Again don't get me wrong, I love the show. But that's why I mainly don't want the Coton to get in. I'm worried about the new breeds that get in. Oh well....let's get some happy thinking in! 

Two more days to go!! We got about 2-3in of snow here, Luke likes to romp through it and I like making tracks. I cannot wait till it's on!!


----------



## Xeph (May 7, 2007)

GSDs were made popular through Rin Tin Tin and Strongheart, not dog shows. It's unlikely people will flock to get Cotons, honestly


----------



## Niraya (Jun 30, 2011)

Xeph said:


> GSDs were made popular through Rin Tin Tin


I LOVE Rin Tin Tin!!!!!!!!

I remember when I was little and we would act out Rin Tin Tin!


----------



## HollowHeaven (Feb 5, 2012)

Xeph said:


> GSDs were made popular through Rin Tin Tin and Strongheart, not dog shows. It's unlikely people will flock to get Cotons, honestly


Yeah, I'm pretty sure most of the breeds that are overbred were made popular by movies and TV.

I'd be supermegaawesomerich if I had a buck fifty for every time someone pointed at my dog or one on TV and said 'LOOK A SNOW DOG' or 'LOOK IT'S A BALTO' or 'EIGHT BELOW'. 
The ones who stop to talk to me seemed shocked when I inform them that I don't think there's a chance in a cold hell for a husky to run back and save it's owner. I think they'd rather say 'See ya, sucker' and keep going at top speed.


----------



## InkedMarie (Mar 11, 2009)

Can I ask a favor of anyone who will be talking about the show? Please put "spoiler" in the subject line. I record it and watch the next day.

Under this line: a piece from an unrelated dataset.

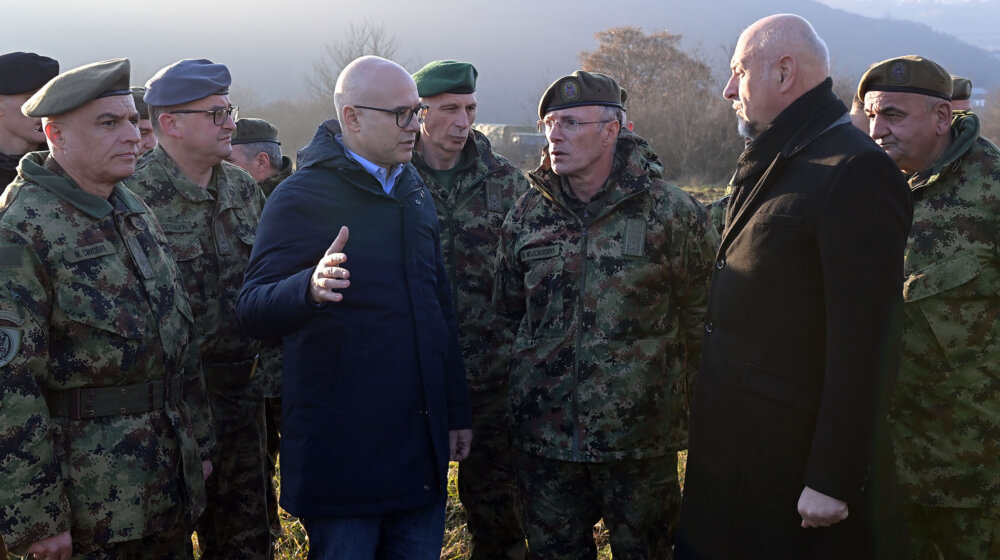 Ministar Vučević obišao jedinice Vojske Srbije u garnizonu Raška 1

Thanks!


----------



## ChaosIsAWeim (Feb 12, 2011)

Ok will do


----------



## InkedMarie (Mar 11, 2009)

ChaosIsAWeim said:


> Ok will do


thank you!


----------



## ChaosIsAWeim (Feb 12, 2011)

Less than a day left till the start of the show.


----------



## Niraya (Jun 30, 2011)

Did you get the email from the AKC regarding the article that was written for the NYTimes?


----------



## ChaosIsAWeim (Feb 12, 2011)

Niraya said:


> Did you get the email from the AKC regarding the article that was written for the NYTimes?


Not that I know of, link?


----------



## Niraya (Jun 30, 2011)

http://www.nytimes.com/2013/02/10/s...-american-kennel-club-as-an-outlier.html?_r=0

That's the link to the article. I can copy and paste the AKC's reply from my email if you didn't get one.


----------



## GrinningDog (Mar 26, 2010)

Forgive me this stupid question. Parson Russell Terrier vs. Russell Terrier? I'm familiar with a Jack Russell Terrier. To my untrained eyes, these Westminster breeds look pretty similar to the JRTs I know. Is one of these two the same as a JRT?


----------



## ChaosIsAWeim (Feb 12, 2011)

IDK for sure. But I believe the PRT is a JRT but the JRT people split off years ago because there were those that didn't want AKC registration, and the people that did changed the name. The Russell Terrier is a shorter legged dog of similar looks. But I don't know much about those breeds. I sort of know someone in Russells, he knows a friend of mine, but really haven't talked to him much about it.


----------



## ChaosIsAWeim (Feb 12, 2011)

And that's ok Niraya, looks like I just got it.


----------



## Niraya (Jun 30, 2011)

Yeah I guess it's slowly getting around to everyone


----------



## ChaosIsAWeim (Feb 12, 2011)

On another subject
http://www.nytimes.com/2013/02/09/s...inster-dog-show-champions.html?src=rechp&_r=0

And another (Xeph you might like this one, lol)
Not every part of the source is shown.